Another conventional production process method for drying and dewatering of paper-plastic products contains steps of: a pulp suction forming, a cold-press shaping, a hot-press shaping, and a cutting. In the step of pulp suction forming, a cold-press mold is connected with a pulp sucking mold so as to press and discharge water from the blank, thus reducing a water content of the blank from 70 to 80% to 50 to 60% to produce wet blank. The wet blank is delivered to the hot-press shaping station to de dewatered below 3% water content, thus producing a semi-finished product. When dewatering the semi-finished product in the cold-press shaping station, as shown in FIGS. 4 to 6, a pulp sucking mold 91 includes an air mesh 93 configured to filter and suck paper pulp, and the air mesh 93 has multiple air-permeable sheets 93 connected on the air mesh 93, as illustrated in FIG. 6, wherein multiple bores 930 are formed on a respective one air-permeable sheet 93. When pressing the semi-wet blank M by using a press mold 92, the multiple bores 930 of the respective one air-permeable sheet 93 of the pulp sucking mold 91 are adhered, as shown in FIG. 5, thus only demolding the semi-wet blank M with a large slope. In other words, the semi-wet blank M with a small slop or an angle will be scratched by the respective one air-permeable sheet 93 to damage the paper pulp or block the paper pulp in the multiple bores 930. Also, a demolding slope of the cold-press mold and the pulp sucking mold will limit shapes and angle of the paper-plastic product.

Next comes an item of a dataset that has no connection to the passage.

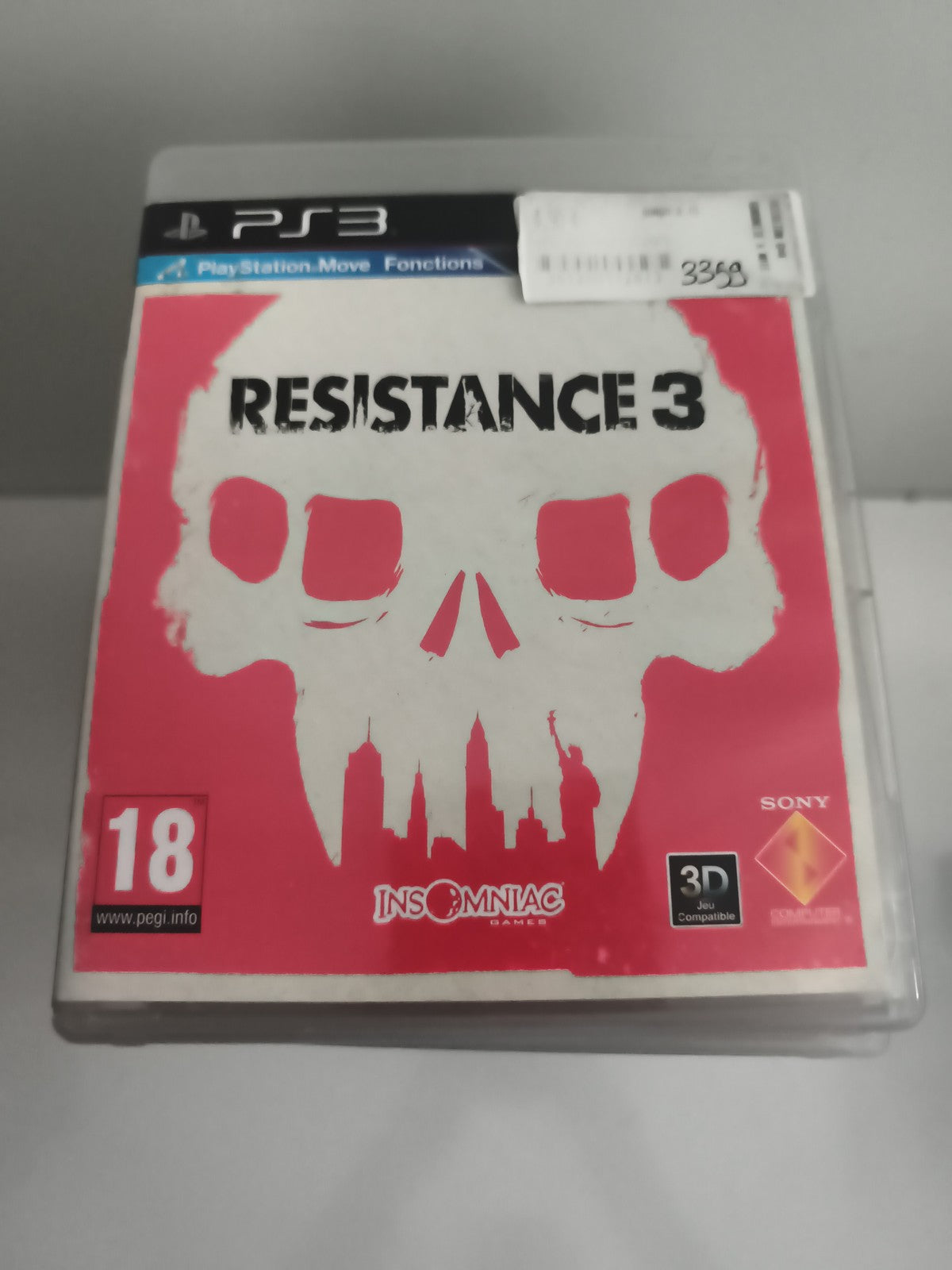 Jeu PS3 Resistance 3 PlayStation Move Sony Insomniac FPS 18+ compatible 3D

Furthermore, when pressing the blank to the pulp sucking mold 91 by using the press mold 92, a mold closing gap between the press mold 92 and the pulp sucking mold 91 is not calculated to cause a thicker or thinner thickness of the semi-wet blank M, thus having defective rate to the paper-plastic products. When the thickness of the semi-wet blank M is thick, the paper-plastic products will produce macula. When the thickness of the semi-wet blank M is thin, a durability, a flexibility and a strengthens of the paper-plastic products are decreased to cause uneven patters of the paper-plastic products. Also, a high production cost will occur.

The present invention has arisen to mitigate and/or obviate the afore-described disadvantages.

SUMMARY

The primary aspect of the present invention is to provide an energy-saving production process method for rapid drying and dewatering of paper-plastic products.

To obtain above-mentioned aspect, an energy-saving production process method for rapid drying and dewatering of paper-plastic products provided by the present invention contains: providing a top mold and a lower mold to cold extrusion press a blank in a cold extrusion press station, wherein the cold extrusion press station is arranged between a pulp suction forming station and a hot-press shaping station, such that a step of vacuum pulp-suction dewatering, a step of cold extrusion dewatering, and a step of hot-press dry dewatering are executed in turns.

In the cold extrusion press station, a mold closing gap is formed after the top mold and the lower mold are connected, and the top mold and the lower mold are configured to press the blank;

In the hot-press shaping station, a mold closing gap between the top mold and the lower mold is equal to a thickness of a finished product, and a thickness of a semi-finished product after being dried in the hot-press shaping station is equal to the thickness of the finished product;

In the cold extrusion press station, a mold closing gap between the top mold and the lower mold is 1 to 1.3 times more than the thickness of the finished product, and a thickness of a semi-dried blank pressed in the cold extrusion press station is 1 to 1.3 times more than the thickness of the finished product.

In the pulp suction forming station, a mold closing gap between the top mold and the lower mold is 2 to 2.3 times more than the thickness of the finished product, and a thickness of the blank in the pulp suction forming station is 2 to 2.3 times more than the thickness of the finished product.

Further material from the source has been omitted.